*** Information provided ***

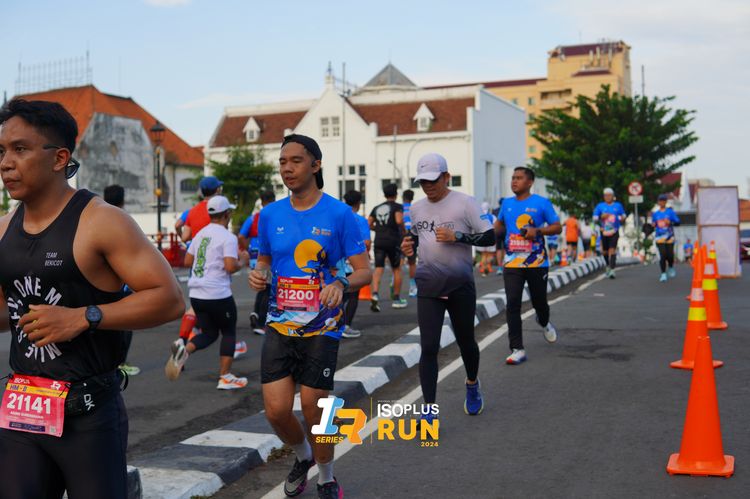 Race photo from Isoplus Run 2024 Surabaya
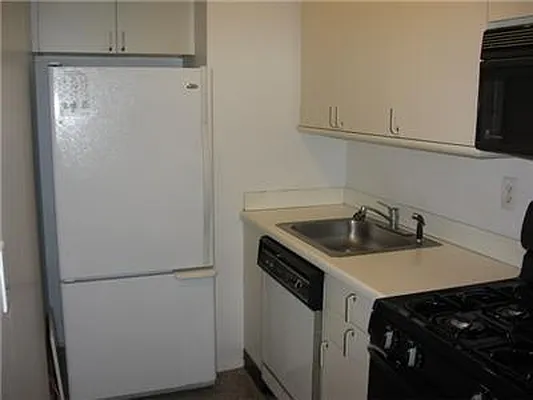 Rented by RELO REDAC INC. | media 21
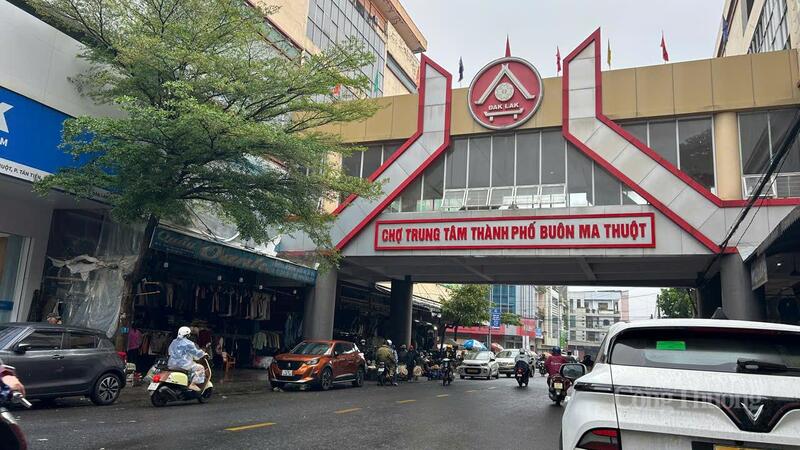 Chợ trung tâm Buôn Ma Thuột. Ảnh: Vũ Long.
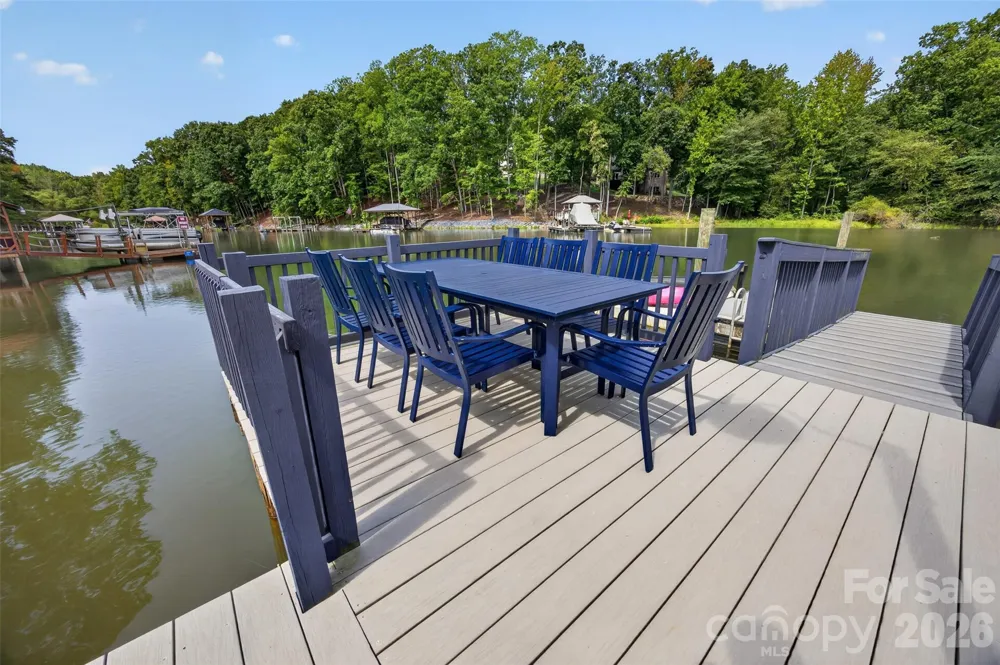 4009 Cindy Lane Denver, NC 28037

*** End of Information provided ***

Please copy the lines above, starting at the one that holds "Chợ trung tâm Buôn Ma Thuột. Ảnh: Vũ Long." and stopping after the last line, exactly as they appear and minus the pictures.

 Chợ trung tâm Buôn Ma Thuột. Ảnh: Vũ Long.
 4009 Cindy Lane Denver, NC 28037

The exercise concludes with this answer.